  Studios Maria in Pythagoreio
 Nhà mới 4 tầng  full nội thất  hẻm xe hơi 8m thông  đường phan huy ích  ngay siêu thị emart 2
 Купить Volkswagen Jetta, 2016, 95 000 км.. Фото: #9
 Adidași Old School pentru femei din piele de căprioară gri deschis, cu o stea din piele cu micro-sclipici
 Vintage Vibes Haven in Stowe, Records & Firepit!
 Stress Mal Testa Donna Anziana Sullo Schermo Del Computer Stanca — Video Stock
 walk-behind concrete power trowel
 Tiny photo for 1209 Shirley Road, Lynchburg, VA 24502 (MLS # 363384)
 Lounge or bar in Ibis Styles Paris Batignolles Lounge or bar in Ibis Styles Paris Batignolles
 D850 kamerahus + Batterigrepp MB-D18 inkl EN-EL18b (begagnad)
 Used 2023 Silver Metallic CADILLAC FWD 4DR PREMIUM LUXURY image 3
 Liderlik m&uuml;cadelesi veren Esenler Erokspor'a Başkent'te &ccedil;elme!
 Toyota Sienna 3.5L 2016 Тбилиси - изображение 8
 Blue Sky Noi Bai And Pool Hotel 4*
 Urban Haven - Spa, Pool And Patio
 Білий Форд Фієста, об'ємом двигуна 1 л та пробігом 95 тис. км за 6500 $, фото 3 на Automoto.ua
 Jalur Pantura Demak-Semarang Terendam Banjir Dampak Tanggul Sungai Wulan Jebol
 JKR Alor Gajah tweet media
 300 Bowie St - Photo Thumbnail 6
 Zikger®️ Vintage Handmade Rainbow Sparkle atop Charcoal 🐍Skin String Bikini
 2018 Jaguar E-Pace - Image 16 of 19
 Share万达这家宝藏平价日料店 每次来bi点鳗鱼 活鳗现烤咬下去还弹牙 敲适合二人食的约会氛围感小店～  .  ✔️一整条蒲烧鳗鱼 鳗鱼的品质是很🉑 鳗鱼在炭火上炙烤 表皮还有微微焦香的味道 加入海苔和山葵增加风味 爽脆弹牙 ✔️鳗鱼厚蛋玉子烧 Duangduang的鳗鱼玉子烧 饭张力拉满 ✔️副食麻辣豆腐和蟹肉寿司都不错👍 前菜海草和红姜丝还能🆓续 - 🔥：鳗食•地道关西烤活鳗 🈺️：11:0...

- [BRIEF]:
In the records above, find the line with "Lounge or bar in Ibis Styles Paris Batignolles Lounge"; write out exactly that line and each one after it, stopping after the line with "Білий Форд Фієста, об'ємом".

- [EXERCISE RESULT]:
 Lounge or bar in Ibis Styles Paris Batignolles Lounge or bar in Ibis Styles Paris Batignolles
 D850 kamerahus + Batterigrepp MB-D18 inkl EN-EL18b (begagnad)
 Used 2023 Silver Metallic CADILLAC FWD 4DR PREMIUM LUXURY image 3
 Liderlik m&uuml;cadelesi veren Esenler Erokspor'a Başkent'te &ccedil;elme!
 Toyota Sienna 3.5L 2016 Тбилиси - изображение 8
 Blue Sky Noi Bai And Pool Hotel 4*
 Urban Haven - Spa, Pool And Patio
 Білий Форд Фієста, об'ємом двигуна 1 л та пробігом 95 тис. км за 6500 $, фото 3 на Automoto.ua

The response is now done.